Royal Society Call for Coherent Policy on Biofuel Sustainability

In November the EC (European Commission) recently qualified its previous position on greater biodiesel usage. It confirmed a target of 10 percent biofuels; and, proposed that the fuels must be sustainable, not just renewable. More recently, a Royal Society report called for more research and coherent policy to realize potential “Sustainability Benefits” from biofuels.



Lester Brown favors plug-in hybrids, but these won’t haul the freight or plow the fields.

I took issue with a comment by Henrik to a Green Car Congress post. The GCC story1 reported that a working group of experts, convened by the UK’s Royal Society, has concluded that important opportunities to reduce greenhouse gas emissions from biofuels, and to ensure wider environmental and social benefits, may be missed with existing policy frameworks and targets. I took issue with his assertion that, so far, the food for fuel issue is an unimportant factor in the current rise in food prices.

I contended that there certainly is a connection between oil prices and food prices. A recently announced, Renewable Fuels Foundation funded study2 showed a weak correlation, and other studies*, e.g., from the Earth Policy Institute, could indicate further evidence of a link.

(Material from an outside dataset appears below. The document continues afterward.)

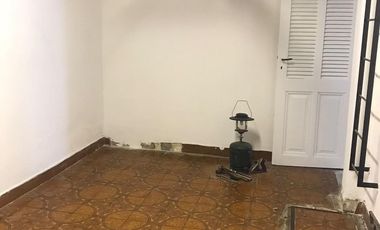 PH en la Boca con patio, cochera, entrada independiente y super luminoso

* Note: I became aware of the Informa study when POET challenged a warning from the Economist about “The End of Cheap Food3” and the assertion that a “tank of ethanol equates to food for a year.”

Autoblog Green contributor Sebastian Blanco has been following the issue in the media. In addition to covering the story in the Economist and the objection by Renewable Fuels Foundation, he also had relayed information from a previous Associated Press story, which stated that the rapid increase in corn ethanol production is affecting people at the grocery store. Despite a weak U.S. dollar, high fuel prices and China’s growing economy, explained AP writer Lauren Villagran, the “worst bout of food inflation since 1990? does have something to do with all those millions of gallons of ethanol.

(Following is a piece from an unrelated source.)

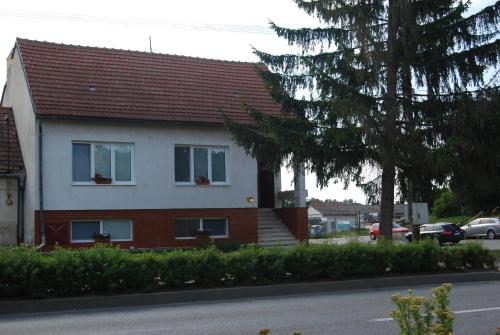 Фотография из галереи Penzion Na Rozcestí в городе Svatobořice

And, are you ready for this tidbit? “China will import almost 50 percent of the world’s oilseeds within a decade, becoming the world’s largest importer, according to estimates from the Organization for Economic Cooperation and Development.” That will affect food and biofuels, no doubt.

Perhaps, due to the recent, dirty energy bill and current debate over the farm bill, there has been considerably more discussion about biofuels. For instance, GreyFlcn provided a comprehensive comment to a post by Gristmill contributor Vinod Khosla4 and his advocacy of ethanol as an alternative transportation fuel. GreyFlcn is a vociferous critic of Micheal Wang’s GREET model and challenges the assertion by Khosla that corn ethanol reduces carbon emissions (on a per-mile-driven basis) by almost the same amount as today’s typical hybrid, because Grey Flcn perceives it as predicated on an incomplete and less than honest representation of the facts by Wang.

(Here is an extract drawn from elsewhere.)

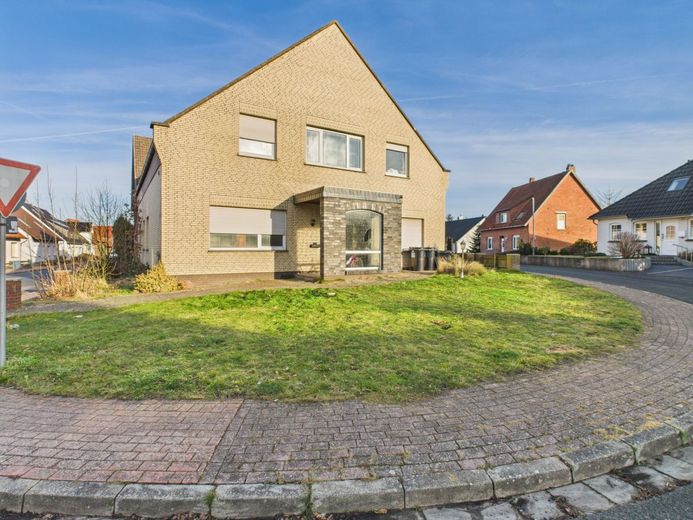 Altes Haus voller Leben, mit Geschichte und Rendite – Stirnseite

Nevertheless, commentary on the ethanol advocacy by Khosla focused upon food versus fuel. Yet there are permutations to the agricultural analysis, so even the connection is complex. For instance, the commentary by Henrik in response to the call by the Royal Society for more detailed assessments of biofuel sustainability focused upon energy intensive farming practices and increased demand.

The price of food have increased because of increasing cost of the energy intensive farming and more importantly because as the Chinese and Indians raise their annual incomes by about 10% per year they start to eat more meat and less grain and this is driving and the explosive demand for grain for meat production. As a rough estimate I would attribute 60% of the price increase in food prices to demand shifts cause by China and India, 30% to increasing fuel prices, 5% to demand from food for biofuels and 5% to various other issues.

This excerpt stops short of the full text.